La saison des festivals d’été a démarré ! Comme souvent, l’ouverture de la saison estivale se fait aux Nuits de Fourvière, et pour cette année avec l’incontournable Hofesh Shechter. Le chorégraphe n’a pas proposé une création, mais un petit retour en arrière avec la reprise de Political Mother: The Choreographer’s Cut, pièce créée il y a une quinzaine d’années. Et pour l’occasion agrandie, transformée et transmise à une nouvelle génération d’artistes. Dans une scénographie impressionnante, violence et danses folkloriques se mêlent dans une transe étrange et pas si pessimiste que cela. L’œuvre y trouve une nouvelle vitalité qui percute tout sur son passage.

 

Political Mother: The Choreographer’s Cut de Hofesh Shechter

 

Political Mother: The Choreographer’s Cut a été un tournant dans la carrière de Hofesh Shechter, l’installant en 2010 au statut de chorégraphe incontournable quand In Your Rooms l’avait fait sortir de l’anonymat trois ans plus tôt. La pièce était marquée d’une rage fulminante, d’une violence brute que l’on ne retrouve plus forcément poussée aussi fortement dans ses créations récentes. Comme si, avec le temps, Hofesh Shechter avait trouvé une sorte de léger apaisement, de sérénité. Revoir ainsi Political Mother: The Choreographer’s Cut, quinze ans après sa création, s’annonce ainsi comme une passionnante redécouverte. Comment la pièce a-t-elle résisté au temps ? Comment résonne-t-elle dans l’œuvre du chorégraphe ? Comment s’en empare toute une nouvelle génération ? D’autant que Hofesh Shechter, forcément, ne reprend pas telle quelle sa pièce. Pour l’ouverture des Nuits de Fourvière, qui marque le lancement de la saison des festivals d’été, le chorégraphe a adapté sa pièce à la grandeur du Théâtre antique de Fourvière, passant de onze à quatorze danseurs et danseuses, et de huit à 23 musiciens et musiciennes. Quand le spectacle démarre, ce sont eux et elles les stars du plateau, dans une scénographie vertigineuse, imposante et exaltante dans un tel lieu. Ils et elles sont installées en fond de scène, sur trois niveaux : des percussionnistes et un groupe de hard rock tout en haut, un ensemble à cordes au milieu, des batteurs de caisses claires en bas. Comme pour chaque pièce de Hofesh Shechter, les lumières – ici signées de Lee Curran – tiennent toute leur place, dessinant l’espace et devenant comme une danseuse à part entière. Ici, elles révèlent chaque étage de musiciens et musiciennes, brutalement, avant de les fondre à nouveau dans le noir.

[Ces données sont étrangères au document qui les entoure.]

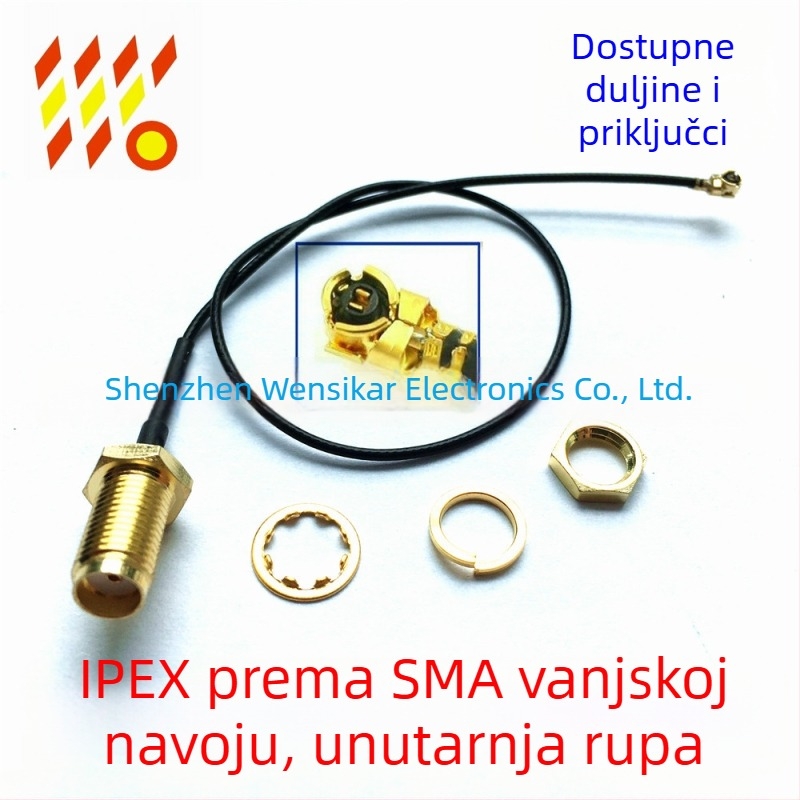 Omnidirekcijska antena 2.4G sa SMA konektorom (2400–2500 MHz, 3 dBi, 50 Ω, SWR ≤ 1.5)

Ces musiciens et musiciennes sont révélés chacun à leur tour par des lumières puissantes, signées Lee Curran, qui ne cesseront ensuite de rythmer le spectacle. C’est là aussi l’un des signes distinctifs des spectacles de Hofesh Shgecter : le fondu au noir, ces « cuts » qui coupent les scènes dans un enchaînement très cinématographique. En plein air, l’effet visuel est forcément moins frappant, mais le chorégraphe s’adapte avec des lumières parfois aveuglantes, jouant avec la musique pour garder un rythme effréné, notamment les impressionnantes caisses claires ou le chanteur de metal, comme un harangueur de foule du haut de son promontoire.

 

Political Mother: The Choreographer’s Cut de Hofesh Shechter

 

La danse est à cette image : frénétique, éperdue, percutante, portée par une urgence vitale qui bouscule tout sur son passage, en solo ou petits groupes avant que le collectif ne se forme. Au-delà de sa formidable énergie, c’est une danse à double visage qui se dessine. On en perçoit d’abord une grammaire contemporaine appuyée. Pourtant, à y regarder de plus près – ces pas qui scandent le rythme, ces lignes, ces cercles, ces bras légèrement cassés, mains vers le haut implorant le Ciel – c’est bien plus une résurgence des danses folkloriques qui animent les artistes en scène. C’est par elles que Hofesh Shechter a découvert la danse, c’est donc elles qui lui servent de matériel chorégraphique. Mais triturées, intensifiées. Les danseuses et danseuses semblent être comme à l’origine d’une résistance, d’une révolution. Ils se servent pour se défendre aux dangers de notre monde des pas venus du fond des âges mêlés à l’intensité folle et un peu aveugle au danger propre à la jeunesse.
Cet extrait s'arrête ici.